When it comes to bringing a new employee into your business, the more care and effort you invest in the initial training process, the greater will be your return. This goes for all businesses big and small. Business owners should try keep the following idea in mind: The way in which you go about training that new employee will set the tone for his or her future performance and engagement in your company.
Why Good Employee Training is Important
Successfully training a new employee will reduce the amount of time the employee needs to learn the ropes, and reach optimal performance. It gives new hires the sense that you are invested in them and interested in bringing them on board. It is the initial step in building employee engagement so that they stay motivated and involved.
The Relationship Approach to Employee Training
Anyone who has sat through a formal, classroom-style training as part of a new employee orientation, can probably attest to the fact that they are both boring and impersonal. Regardless of the scope of the formal program, individual managers need to focus on a personal orientation initiative as well, one that is tailored to the specific job, team, and department.
As I mentioned above, hiring right is half the battle; helping new hires smoothly and successfully become oriented with different aspects of the business, including it's systems, culture, and work groups is the other half. The best way to go about doing this is through personal, one-on-one contact with the new hire and by creating a space where the new employee can both feel free to ask questions and receive appropriate, timely answers.
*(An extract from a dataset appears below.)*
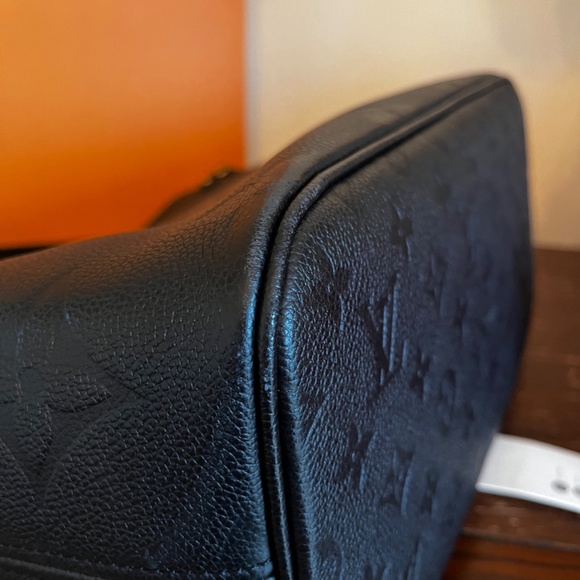 LOUIS VUITTON Empreinte Monogram Giant Neverfull MM Black Noir - Picture 5 of 14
Tips to Successfully Train a New Employee
If you want to get your new hires started on the right foot, then consider these 7 tips for successfully training a new employee:
1. Spend time in the planning stage. Make sure that you clearly define the job responsibilities for yourself and your new employees. It may be a good idea to ask current workers for feedback, especially if the position is a new one and your current workers will be working in collaboration with the new hire. You should also get help constructing a solid employee handbook if you have not already done so.
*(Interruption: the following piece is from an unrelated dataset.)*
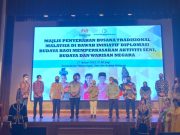 Set busana tradisional Malaysia ditempatkan di pejabat kedutaan luar negara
2. Choose quality instructors and materials. Who you select to conduct the training will make a major difference in the success of your efforts, whether it's a professional educator or simply a knowledgeable staff member. Having the right training materials is also important, since these materials can become valuable resources for your new hires even well after they have been brought on board.
3. Slow down! depending on the size of your company or the complexity of the job on hand there will be a lot of new details and ground to cover especially in the first few days. Rome wasn't built in one day as they say. If you want your employee to retain all information coming his or her way, then try to pace out some of the orientation and introductions.
4 Make personal introductions. During those first few days, you should make an effort to personally introduce the employee to all relevant members of the business- with a focus on those who will be directly working with him or her. You should also explain each person's role and how they relate to each other. By making an effort early on to get the new employee introduced to co-workers and management, you open up the initial lines of communication that can significantly help with the orientation.
5. Pay attention to the outcome. To get an idea as to how effective you are being with your training initiatives, you should have several performance measurements in place. Depending on the nature of your business, you could consider, the amount of time it takes the new hire to complete a specific task, the amount of waste or mistakes being made, or how successful the new employee's input is.
6. Ask for feedback from the new hire. One of the most essential measurements of the success of new employee training is direct feedback from the new hire. There are two issues to consider before soliciting feedback: 1. Make sure your timing is right. You can't ask for feedback too soon after hiring, but at the same time don't wait till six months have passed. I recommend asking for feedback one to three months after hiring. 2. Where possible make the questions anonymous, since the new hire may be afraid to speak up. If the survey can't be anonymous, then it's success will depend on how much you as the employer will truly consider and value what the new employee has to say. If your attitude is in the right place then it will positively affect the truthfulness and thoroughness of the response.